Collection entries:
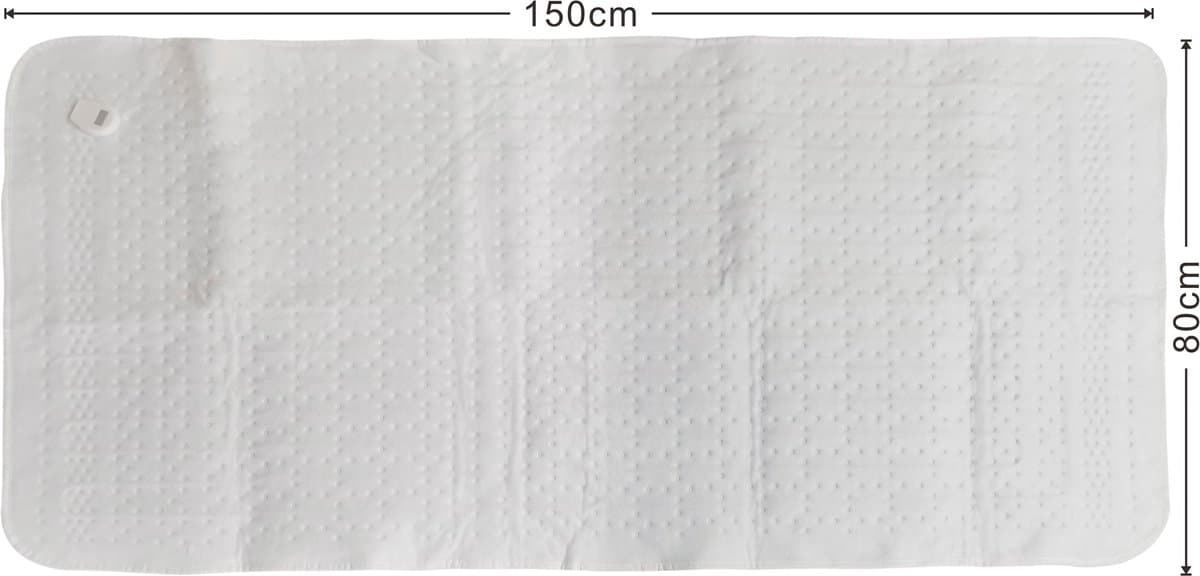 Tomado TEB1505W - Elektrische deken 1 persoons - 150 x 80 cm - Warmtedeken - Elektrische onderdeken - Extra snelle opwarming thumbnail 5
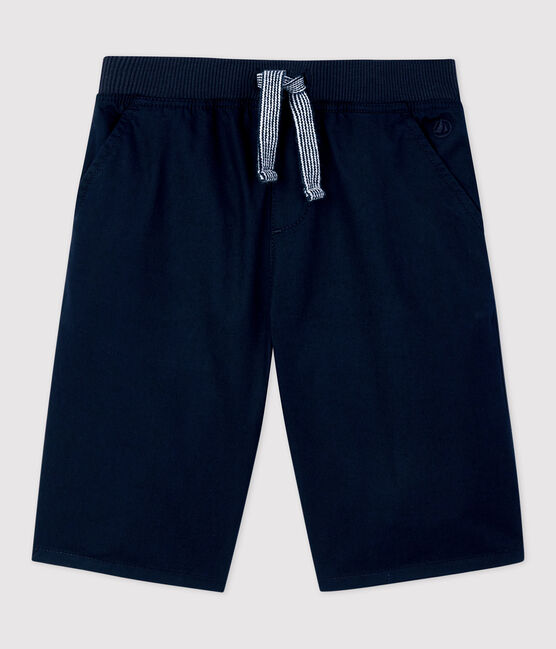Bermudas de sarga de algodón para niño azul SMOKING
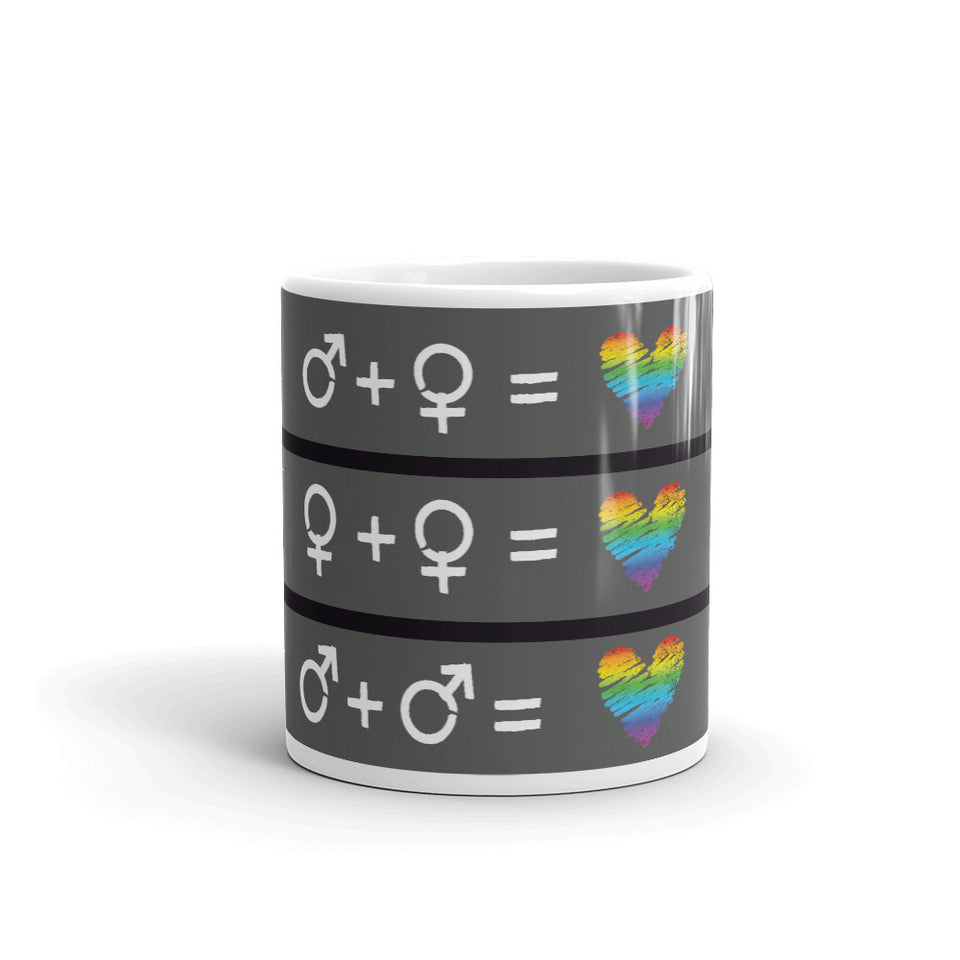 Gay Straight Math Equation Mug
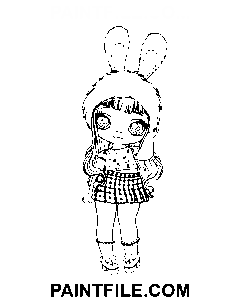Entzückende Na Na Na Überraschung Ausmalbild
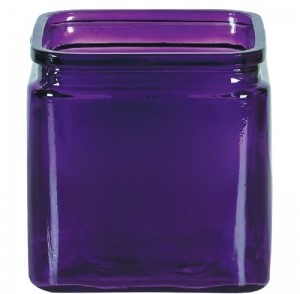 Purple Cube Vase with Lip S/12
4.75" 9-475GLS/1PPL
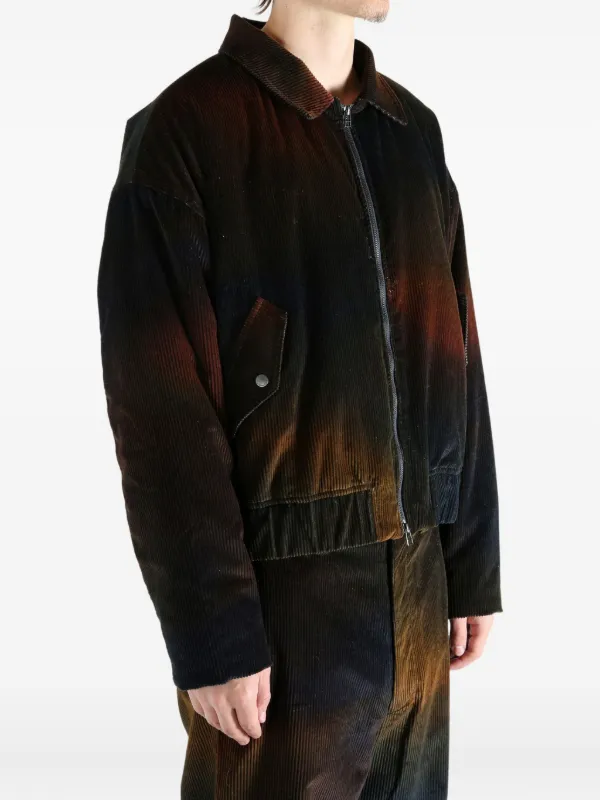 The Elder Statesman Corduroy Jacket | Blue | FARFETCH NO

TASK TO CARRY OUT: Beginning at the line that contains "Purple Cube Vase with Lip S/12" and ending at the last line of the data, return each line exactly; no picture belongs in the copy.

ANSWER TO THE PROBLEM:
 Purple Cube Vase with Lip S/12
4.75" 9-475GLS/1PPL
 The Elder Statesman Corduroy Jacket | Blue | FARFETCH NO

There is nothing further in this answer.